In the 12 entry LSU1, the oldest operations translate their addresses from the virtual address space to the physical address space using the L1 DTLB. The L1 DTLB now includes 8 entries for 1GB pages, which is useful for databases and HPC applications with large working sets. Any miss in the L1 DTLB will check the L2 DTLB. Once the physical address has been found, two micro-ops can probe (in case of a store) or read from (in case of a load) the cache each cycle, in any combination of load and store. The ability to do two 128 bit loads a cycle is beneficial primarily for HPC, where the bandwidth from the second port can come in handy. Once the load or store has probed the cache, it will move on to LSU2.
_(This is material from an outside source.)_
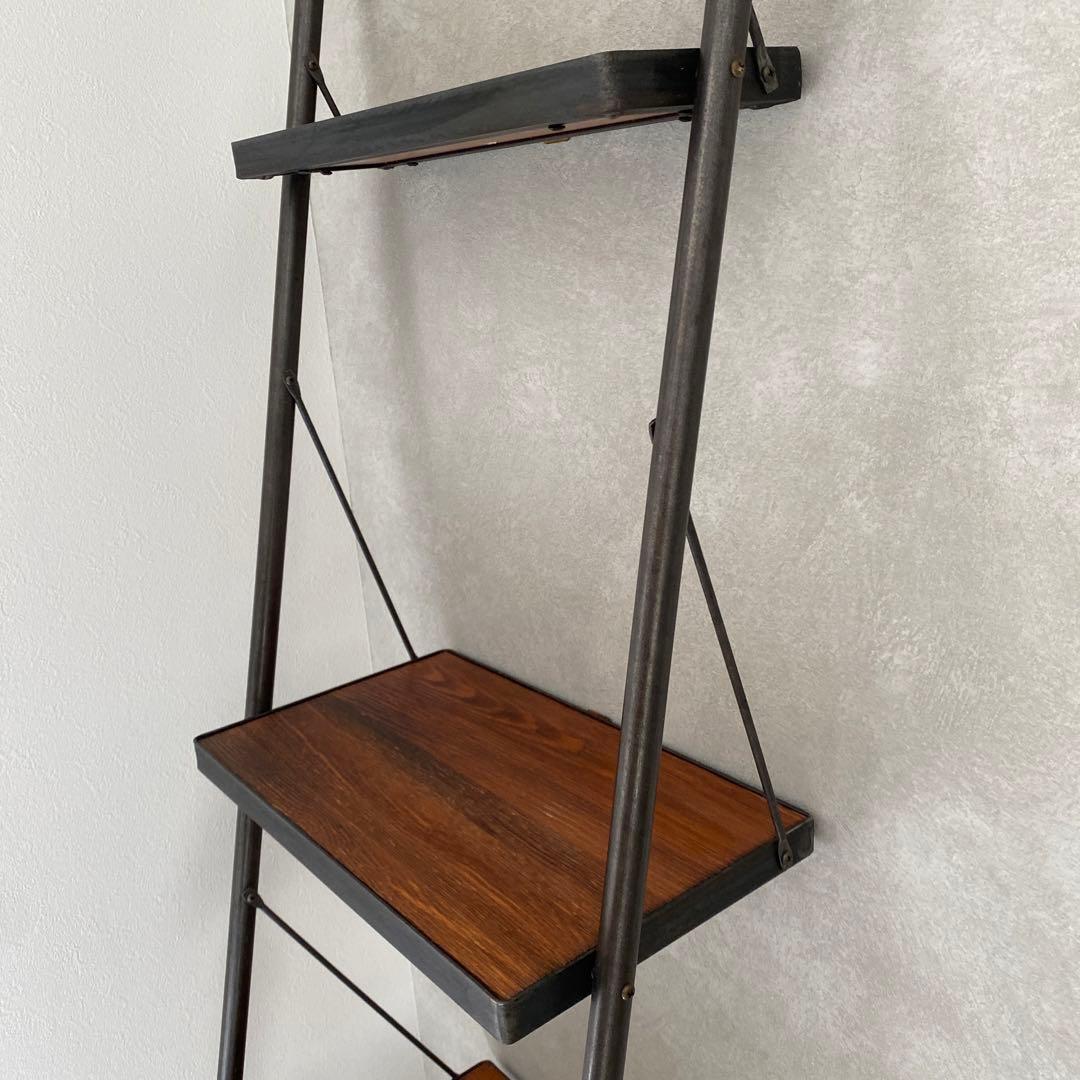 JOURNAL STANDARD FURNITURE ☆ シノンラダーシェルフ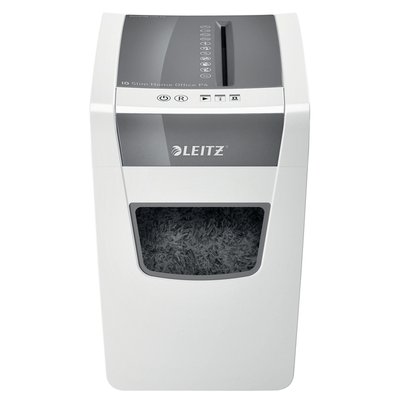 Destructeur Leitz IQ Slim Home Office P4 particules 4x28mm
LSU2 holds up to 32 memory accesses, where they stay until retirement. LSU2 handles most of the complexity in the memory pipeline. It resolves any cache or TLB misses, by scheduling and probing the necessary structures. In the case of a cache miss, it will escalate up to the L2, L3 or memory, and TLB misses would go the L2 TLB, or main memory, where the page tables reside. The LSU2 also holds store instructions, which are not allowed to actually modify the caches until retirement to ensure correctness. Since all the stores are held in LSU2, it also does the load-store forwarding. Note that stores are still 64 bits wide, hence two entries are used to track a full 128 bit SSE write. This is a slight disadvantage as some instruction sequences, particularly those that involve copying data in memory, have equal numbers of reads and writes. However, the general trend is that there are twice as many (or more) loads than stores in an application.
The 64KB L1D cache is 2 way associative, with 64 byte lines and a 3 cycle access time. It uses a write-back policy to the L2 cache, which is exclusive of the L1. The data paths into and from the L1D cache also widened to 256 bits (128 bits transmit and 128 bits receive), so a 64 byte line is transmitted in 4 cycles. As in the K8, the L2 cache is private to each core. The L2 capacity has been halved to 512KB, but the line size and associativity were kept at 64B and 16 ways respectively.
The L3 cache in Barcelona is entirely new feature for AMD. The shared 2MB L3 cache is 32 way associative and uses 64B lines, but did not fit in Figure 5. The controller for the cache is flexible and various AMD documents indicate that it can flexibly support up to 8MB of L3 cache. The L3 cache is specifically designed with data sharing in mind. This entails three particular changes from AMD’s traditional cache hierarchy. First, it is mostly exclusive, but not entirely so. When a line is sent from the L3 cache to an L1D cache, if the cache line is shared, or is likely to be shared, then it will remain in the L3 – leading to duplication which would never happen in a totally exclusive hierarchy. A fetched cache line is likely to be shared if it contains code, or if the data has been previously shared (sharing history is tracked). Second, the eviction policy for the L3 has been changed. In the K8, when a cache line is brought in from memory, a pseudo-least recently used algorithm would evict the oldest line in the cache. However, in Barcelona’s L3, the replacement algorithm has been changed to also take into account sharing, and it prefers evicting unshared lines. Lastly, since the L3 is shared between four different cores, access to the L3 must be arbitrated. A round-robin algorithm is used to give access to one of the four cores each cycle. The latency to the L3 cache has not been disclosed, but it depends on the relative northbridge and core frequencies – for reasons which we will see later.
The last improvements to Barcelona in the memory pipeline are the prefetchers. Each core has 8 data prefetchers (a total of 32 per device), which now fill to the L1D cache in Barcelona. In the K8, prefetched results were held in the L2 cache. The instruction prefetcher for Barcelona can have up to 2 outstanding fetches to any address, whereas the K8 was restricted to one fetch to an odd address and one fetch to an even address.